Model Development

Model Development#

Machine Learning for Post-Processing NWM Data#

Authors: Savalan Naser Neisary (PhD Student, CIROH & The University of Alabama)

3. Setting Up the Codes and Notebook#

3.1. Access the GitHub Codes#

First we download the code files from the GitHub. In the terminal you should use the following command:

3.2. Import the Python Libraries#

Next we will import the libraries that we need.

!pip install hydroeval

Collecting hydroeval

  Downloading hydroeval-0.1.0-py3-none-any.whl.metadata (4.8 kB)
Requirement already satisfied: numpy in /home/runner/micromamba/envs/hackweek/lib/python3.12/site-packages (from hydroeval) (2.0.1)
Downloading hydroeval-0.1.0-py3-none-any.whl (22 kB)
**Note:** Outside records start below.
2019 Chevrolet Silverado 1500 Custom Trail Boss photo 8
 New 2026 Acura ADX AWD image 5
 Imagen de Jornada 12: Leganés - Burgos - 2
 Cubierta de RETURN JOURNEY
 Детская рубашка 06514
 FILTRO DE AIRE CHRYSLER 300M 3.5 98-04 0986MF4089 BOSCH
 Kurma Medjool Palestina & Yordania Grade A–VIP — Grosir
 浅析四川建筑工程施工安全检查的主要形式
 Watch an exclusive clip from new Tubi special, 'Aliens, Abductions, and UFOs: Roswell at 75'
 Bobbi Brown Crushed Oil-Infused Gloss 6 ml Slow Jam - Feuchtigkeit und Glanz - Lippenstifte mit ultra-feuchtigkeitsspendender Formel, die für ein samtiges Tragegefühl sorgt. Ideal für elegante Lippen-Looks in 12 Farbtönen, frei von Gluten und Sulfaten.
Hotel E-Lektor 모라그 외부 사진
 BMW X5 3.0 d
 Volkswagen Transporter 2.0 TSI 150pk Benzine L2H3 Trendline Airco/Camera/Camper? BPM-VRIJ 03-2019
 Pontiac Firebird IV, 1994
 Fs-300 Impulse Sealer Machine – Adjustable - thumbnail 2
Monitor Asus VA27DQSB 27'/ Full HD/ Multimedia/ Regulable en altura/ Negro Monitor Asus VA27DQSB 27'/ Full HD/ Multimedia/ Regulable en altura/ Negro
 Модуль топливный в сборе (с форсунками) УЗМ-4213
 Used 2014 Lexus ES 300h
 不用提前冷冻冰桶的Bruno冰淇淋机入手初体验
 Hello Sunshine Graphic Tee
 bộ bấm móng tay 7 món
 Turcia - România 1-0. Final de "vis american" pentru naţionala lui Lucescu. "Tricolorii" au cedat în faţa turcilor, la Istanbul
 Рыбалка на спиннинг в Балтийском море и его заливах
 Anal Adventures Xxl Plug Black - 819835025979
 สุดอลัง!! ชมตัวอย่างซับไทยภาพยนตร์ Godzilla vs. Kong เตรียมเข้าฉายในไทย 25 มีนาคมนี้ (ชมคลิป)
Installing collected packages: hydroeval
Successfully installed hydroeval-0.1.0

# system packages
from datetime import datetime, date, timedelta
import pickle
import warnings
warnings.filterwarnings("ignore")
import platform
import time
from tqdm import tqdm
import os
import boto3
from botocore.client import Config
from botocore import UNSIGNED

# basic packages
import matplotlib.pyplot as plt
import numpy as np
import pandas as pd
import matplotlib.pyplot as plt
import matplotlib.dates as mdates
from matplotlib.patches import Patch
import math
from evaluation_table import EvalTable

# model packages
import xgboost as xgb
from sklearn.model_selection import GridSearchCV, train_test_split, RepeatedKFold, cross_val_score
from sklearn.metrics import mean_squared_error, mean_absolute_error, make_scorer
from sklearn.preprocessing import MinMaxScaler
import joblib
from shapely.geometry import Point
import geopandas as gpd
import pyproj

# Identify the path
home = os.getcwd()
parent_path = os.path.dirname(home)
input_path = f'{parent_path}/02.input/'
new_directory = os.path.join(parent_path, '03.output')
os.makedirs(new_directory, exist_ok=True)
output_path = f'{parent_path}/03.output/'
main_path = home

4. Data Preprocessing#

4.1. Overview of the USGS Stream Station#

The dataset that we will use provides the data for seven GSL watershed stations.
The dataset contains climate variables, such as precipitation and temperature, water infrastructure, storage percentage, and watershed characteristics, such as average area and elevation. You can see the location of the station and its watershed in the Figure below.

4.2. Load Dataset#

We will load the data from a parquet file and choose the required stations.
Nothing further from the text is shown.